PROVIDED DATA section start

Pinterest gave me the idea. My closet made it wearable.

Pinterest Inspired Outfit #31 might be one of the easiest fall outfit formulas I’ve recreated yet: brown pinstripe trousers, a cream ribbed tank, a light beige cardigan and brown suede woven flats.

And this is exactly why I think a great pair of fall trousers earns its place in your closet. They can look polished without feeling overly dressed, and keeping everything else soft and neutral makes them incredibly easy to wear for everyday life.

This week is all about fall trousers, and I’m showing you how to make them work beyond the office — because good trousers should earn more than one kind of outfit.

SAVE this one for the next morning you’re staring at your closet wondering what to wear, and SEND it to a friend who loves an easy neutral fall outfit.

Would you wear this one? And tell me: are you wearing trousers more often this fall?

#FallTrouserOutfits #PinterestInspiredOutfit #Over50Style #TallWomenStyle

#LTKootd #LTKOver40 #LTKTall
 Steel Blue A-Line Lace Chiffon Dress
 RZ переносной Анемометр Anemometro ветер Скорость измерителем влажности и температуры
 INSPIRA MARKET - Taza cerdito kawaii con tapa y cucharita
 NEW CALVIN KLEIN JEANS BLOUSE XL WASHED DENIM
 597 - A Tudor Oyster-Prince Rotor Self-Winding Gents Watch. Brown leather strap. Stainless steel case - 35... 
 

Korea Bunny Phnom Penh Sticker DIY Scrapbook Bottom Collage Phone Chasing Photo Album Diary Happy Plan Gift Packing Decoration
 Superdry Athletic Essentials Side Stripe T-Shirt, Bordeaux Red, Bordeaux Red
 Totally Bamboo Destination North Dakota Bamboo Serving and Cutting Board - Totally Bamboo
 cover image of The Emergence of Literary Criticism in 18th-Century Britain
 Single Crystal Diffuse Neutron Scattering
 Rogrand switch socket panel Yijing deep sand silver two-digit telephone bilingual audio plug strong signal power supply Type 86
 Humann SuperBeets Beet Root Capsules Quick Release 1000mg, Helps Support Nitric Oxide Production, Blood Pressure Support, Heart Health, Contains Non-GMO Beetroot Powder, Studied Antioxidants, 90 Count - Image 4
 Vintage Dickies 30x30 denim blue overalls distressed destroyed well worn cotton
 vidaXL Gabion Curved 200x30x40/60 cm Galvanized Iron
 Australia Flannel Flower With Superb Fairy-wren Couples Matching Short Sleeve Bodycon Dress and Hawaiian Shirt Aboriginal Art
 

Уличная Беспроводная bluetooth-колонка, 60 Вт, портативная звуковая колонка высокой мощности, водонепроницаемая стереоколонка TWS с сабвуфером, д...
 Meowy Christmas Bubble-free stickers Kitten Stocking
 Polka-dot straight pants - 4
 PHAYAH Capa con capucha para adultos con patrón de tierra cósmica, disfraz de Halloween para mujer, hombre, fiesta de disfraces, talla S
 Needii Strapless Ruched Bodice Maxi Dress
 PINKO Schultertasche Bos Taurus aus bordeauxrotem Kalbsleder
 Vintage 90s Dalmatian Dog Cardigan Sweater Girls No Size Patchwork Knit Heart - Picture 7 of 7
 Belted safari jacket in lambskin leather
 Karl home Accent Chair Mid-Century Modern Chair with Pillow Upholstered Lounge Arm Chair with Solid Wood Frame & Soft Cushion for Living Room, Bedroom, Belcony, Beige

PROVIDED DATA section end

### AIM OF THE TASK
Reproduce exactly the lines above from the line with "597 - A Tudor" to the line with "Rogrand switch socket", including both, and add nothing.

### RESPONSE
 597 - A Tudor Oyster-Prince Rotor Self-Winding Gents Watch. Brown leather strap. Stainless steel case - 35... 
 

Korea Bunny Phnom Penh Sticker DIY Scrapbook Bottom Collage Phone Chasing Photo Album Diary Happy Plan Gift Packing Decoration
 Superdry Athletic Essentials Side Stripe T-Shirt, Bordeaux Red, Bordeaux Red
 Totally Bamboo Destination North Dakota Bamboo Serving and Cutting Board - Totally Bamboo
 cover image of The Emergence of Literary Criticism in 18th-Century Britain
 Single Crystal Diffuse Neutron Scattering
 Rogrand switch socket panel Yijing deep sand silver two-digit telephone bilingual audio plug strong signal power supply Type 86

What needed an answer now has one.